**WHAT YOU NEED TO DO:**
The reply to the records below should contain exactly the lines from the line with "Simple Rose Phone" through the line with "Neutralizador de Odores", and nothing besides.

Start of EXTRACTED DATA

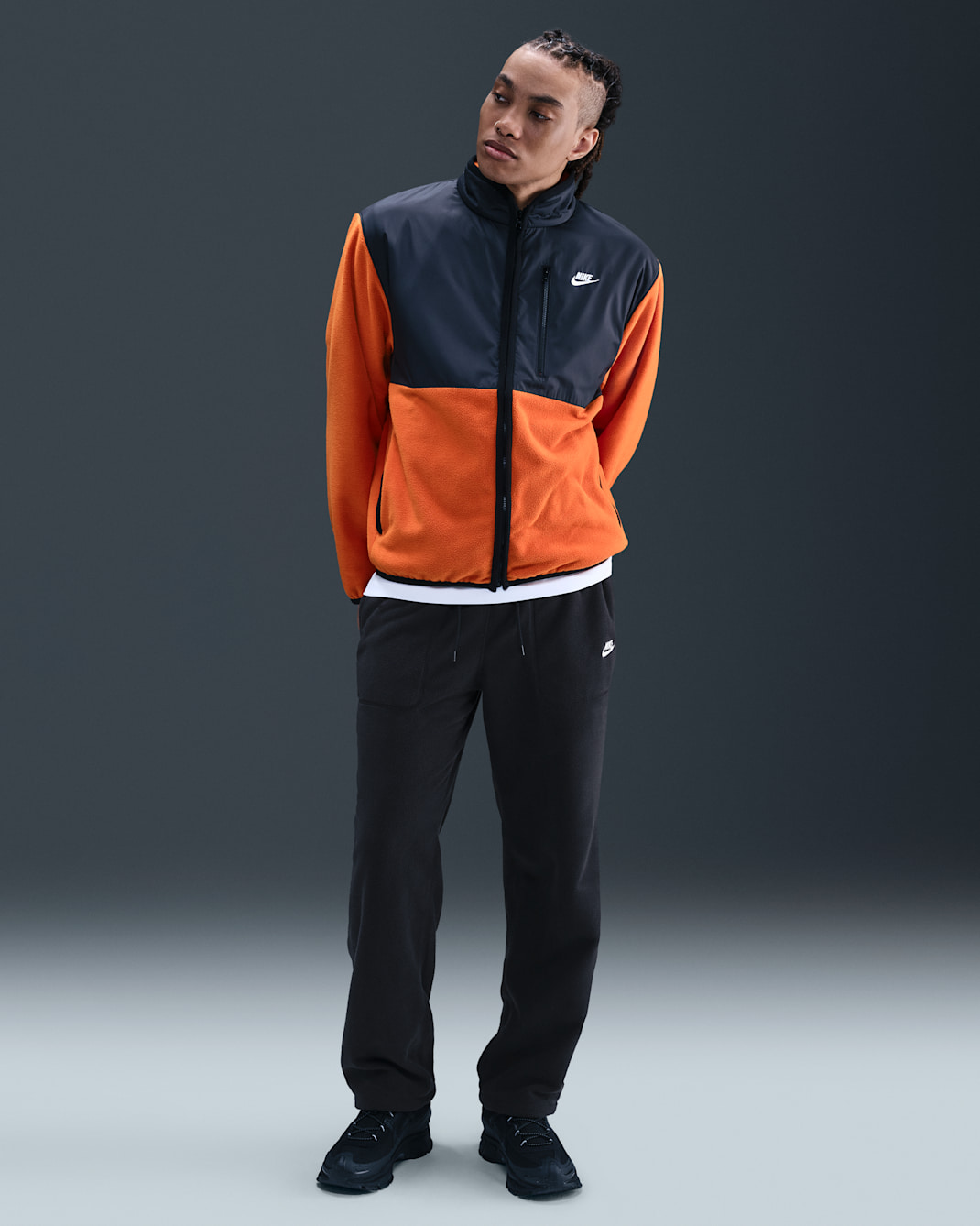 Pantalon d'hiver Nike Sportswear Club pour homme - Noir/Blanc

End of EXTRACTED DATA
Start of EXTRACTED DATA

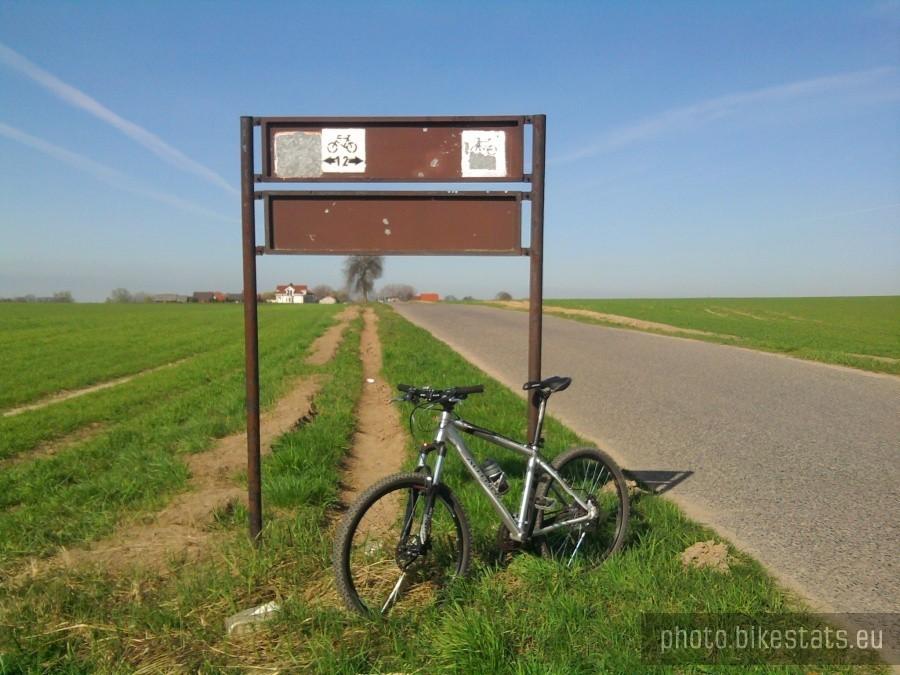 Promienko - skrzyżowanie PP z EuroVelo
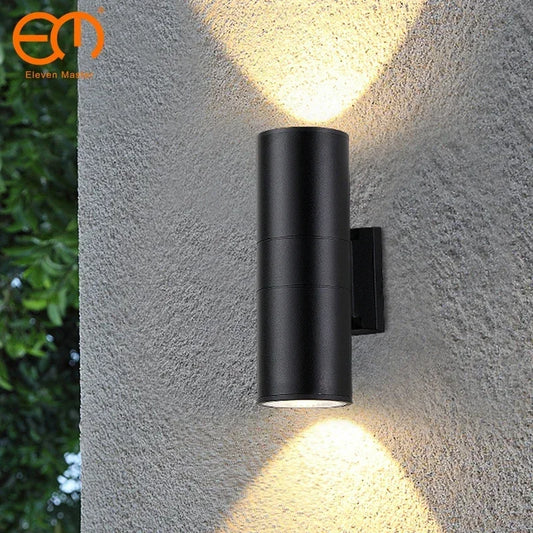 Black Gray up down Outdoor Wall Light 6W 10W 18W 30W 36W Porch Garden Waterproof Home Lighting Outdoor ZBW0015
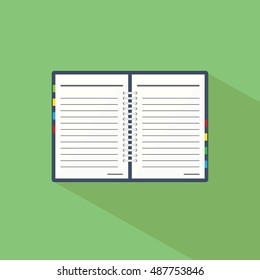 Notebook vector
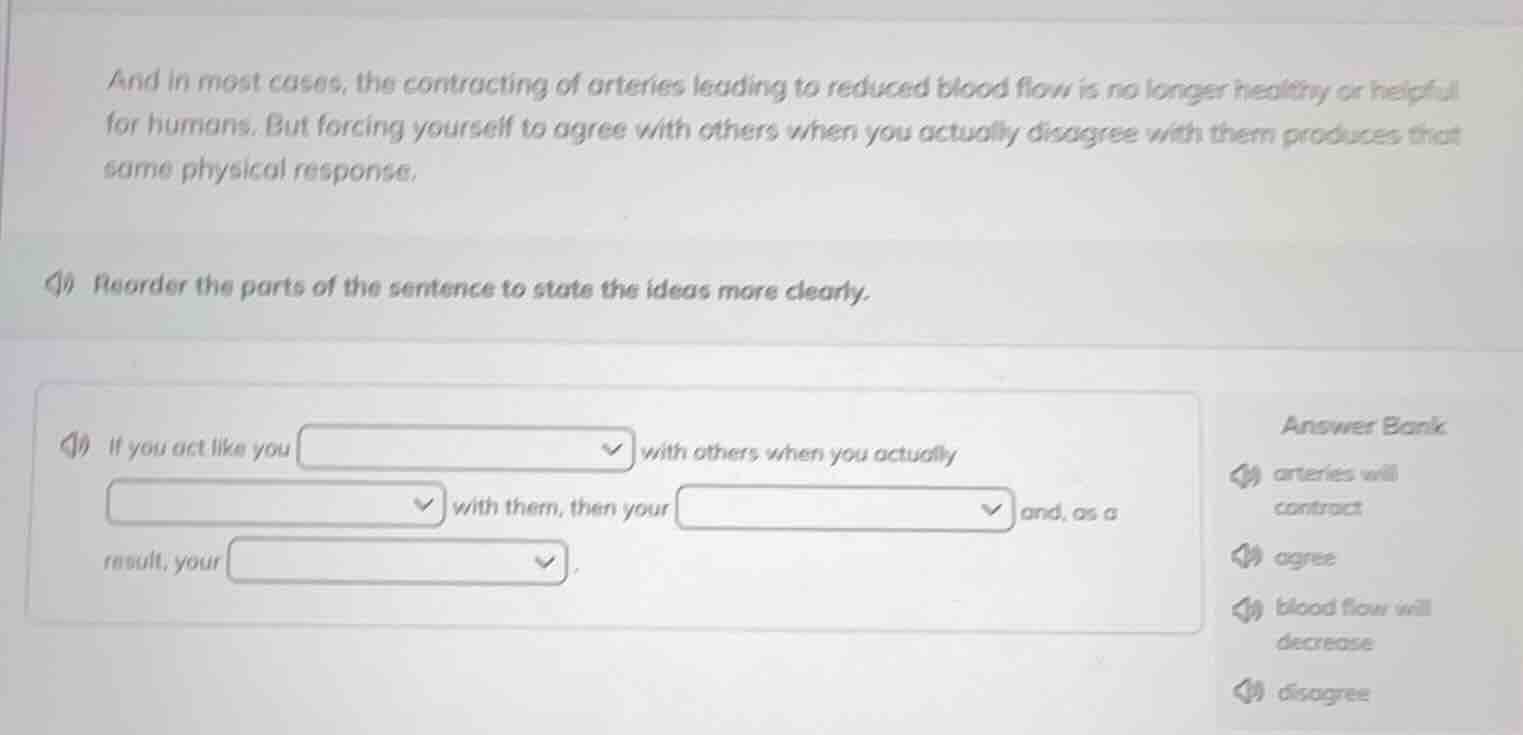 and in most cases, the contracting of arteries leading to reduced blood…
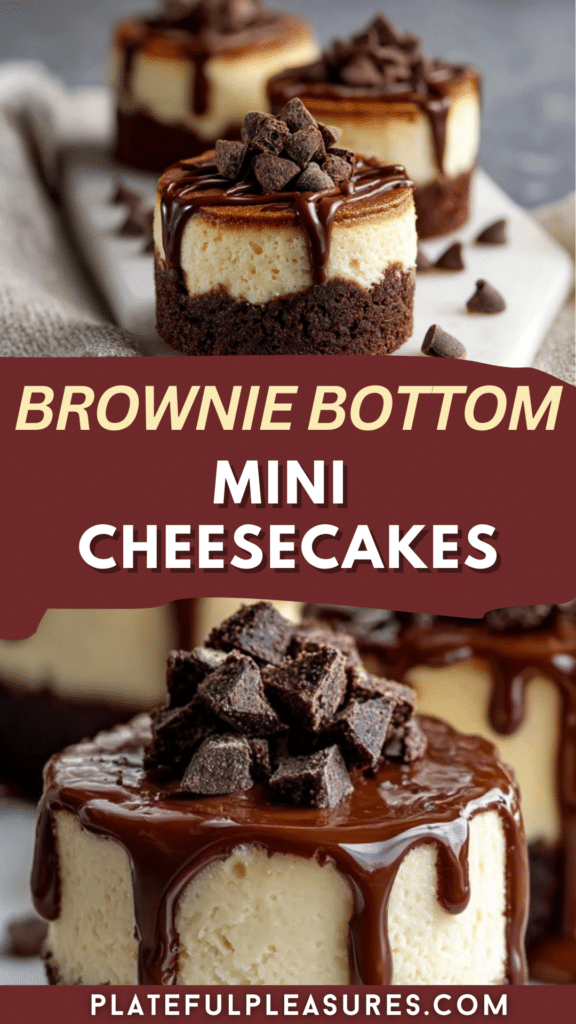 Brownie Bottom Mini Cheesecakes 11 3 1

End of EXTRACTED DATA
Start of EXTRACTED DATA

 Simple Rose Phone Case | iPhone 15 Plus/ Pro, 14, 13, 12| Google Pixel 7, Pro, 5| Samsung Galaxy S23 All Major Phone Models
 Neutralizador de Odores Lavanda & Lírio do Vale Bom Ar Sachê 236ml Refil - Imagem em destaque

End of EXTRACTED DATA

**EXERCISE ANSWER:**
 Simple Rose Phone Case | iPhone 15 Plus/ Pro, 14, 13, 12| Google Pixel 7, Pro, 5| Samsung Galaxy S23 All Major Phone Models
 Neutralizador de Odores Lavanda & Lírio do Vale Bom Ar Sachê 236ml Refil - Imagem em destaque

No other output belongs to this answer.